目录
1.排序概述
2.WritableConparable排序案例实操
2.1需求
2.2 需求分析
2.3 数据准备
2.3代码实现
3.结果展示
1.排序概述
排序是Mapreduce中最重要的操作之一。无论是MapTask还是ReduceTask均会对数据按照key进行排序。该操作数据hadoop的默认行为。任何逻辑上的数据均会被排序,而不管业务逻辑上是否需要。那么如何根据业务需求,对数据进行排序呢?本文将基于下面这篇博文的基础上进行改进。

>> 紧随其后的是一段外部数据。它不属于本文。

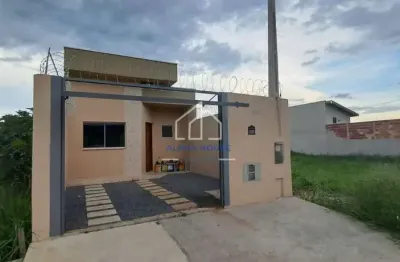 Casa à venda, residencial e comercial portal dos eucaliptos, com dois dormitórios sendo uma suíte,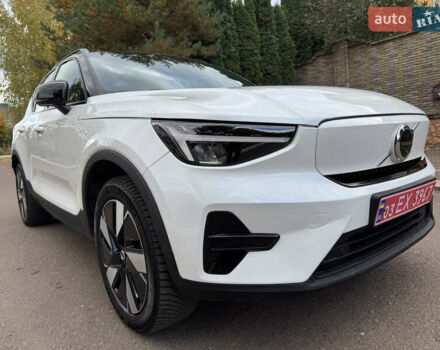 Белый Вольво XC40, объемом двигателя 0 л и пробегом 47 тыс. км за 26499 $, фото 7 на Automoto.ua
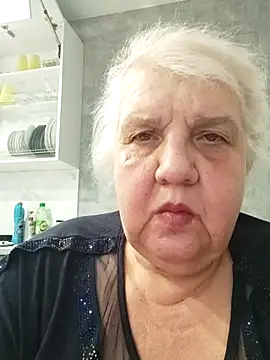 Snapshot of HapinessLovee chatting on April 1, 2026, 3:09 pm HapinessLovee online show from April 1, 2026, 3:09 pm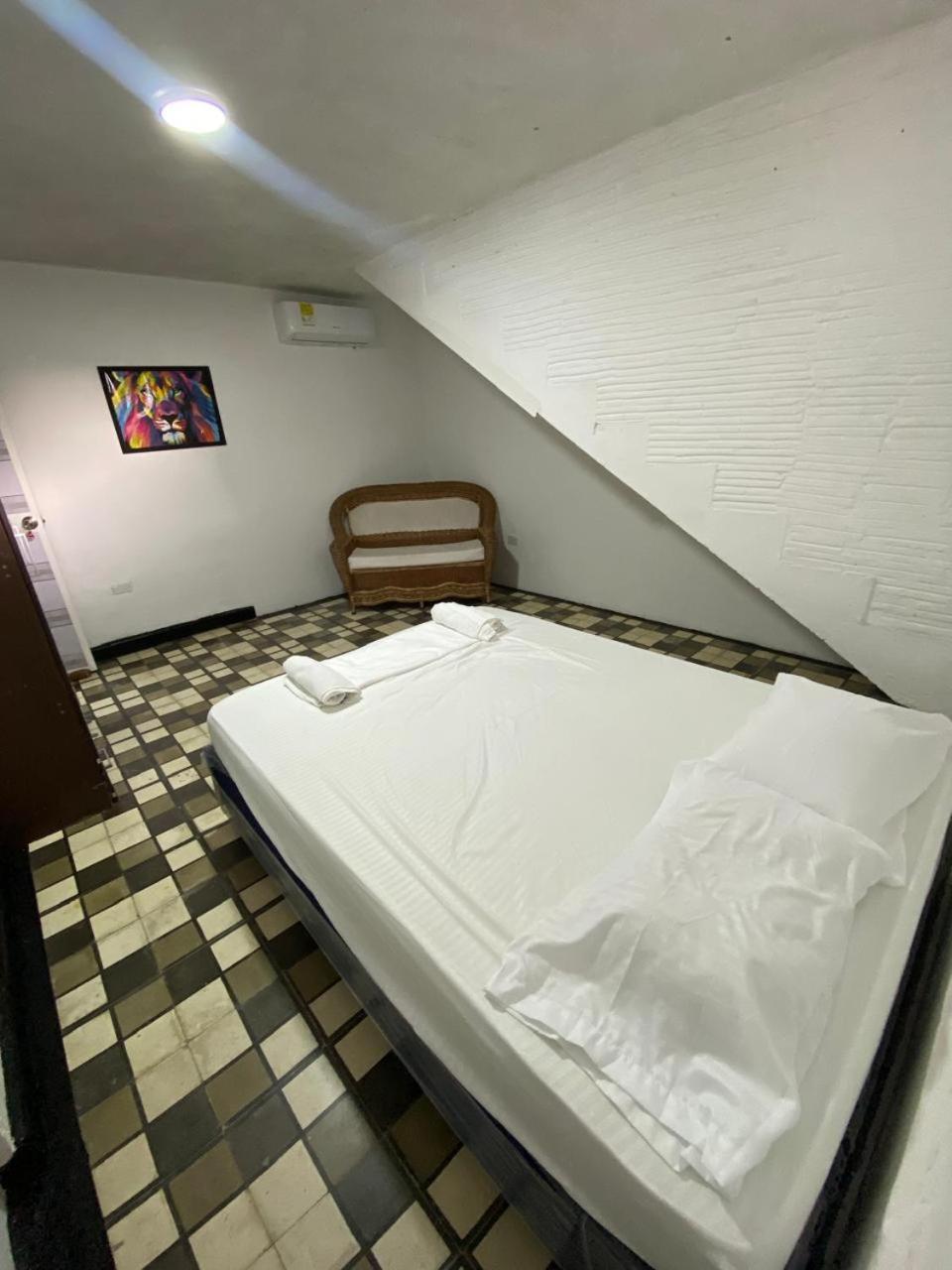 Familiar Guest house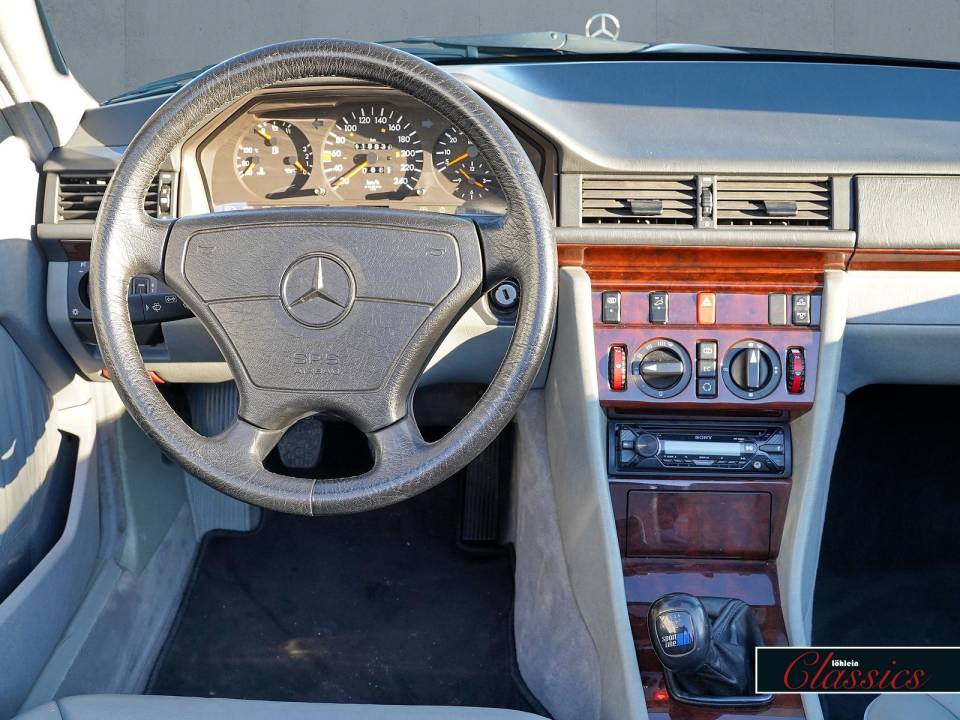 Image 10/27 of Mercedes-Benz E 200 (1995)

2.WritableConparable排序案例实操
2.1需求
情景展现:客户经理拿着需求跟你说,这份文件除了将电话按不同省份文件输出以外,每个文件内部还要按照总流量进行排序。也就是说输出的文件首先按照总流量排序,再按照上行流量的顺序排序。
2.2 需求分析
(1)确定map函数的输入输出<key,value>的类型。这里输入是<LongWritable Text> 因为要对总流量排序,而mapreduce只能对key进行排序,因此map输出的类型为<Flowbean,Text>
(2)确定reduce函数的输入输出<key,value>的类型。map的输出为reduce的输入,因此reduce的输入类型<Flowbean,Text> 输出<Text,Flowbean>
(3)因为要分区,因此需要自定义分区函数继承Partition类实现getPatition()方法。分区是在map开始之后做的,因此这里的输入数据类型为map的输出数据类型<Flowbean,Text>
(4)因为要实现自定义排序,而排序的内容是Flowbean对象中的总流量,因此定义Flowbean类需要继承WritableComparable重写compareTo()方法、重写toString()方法、做序列化。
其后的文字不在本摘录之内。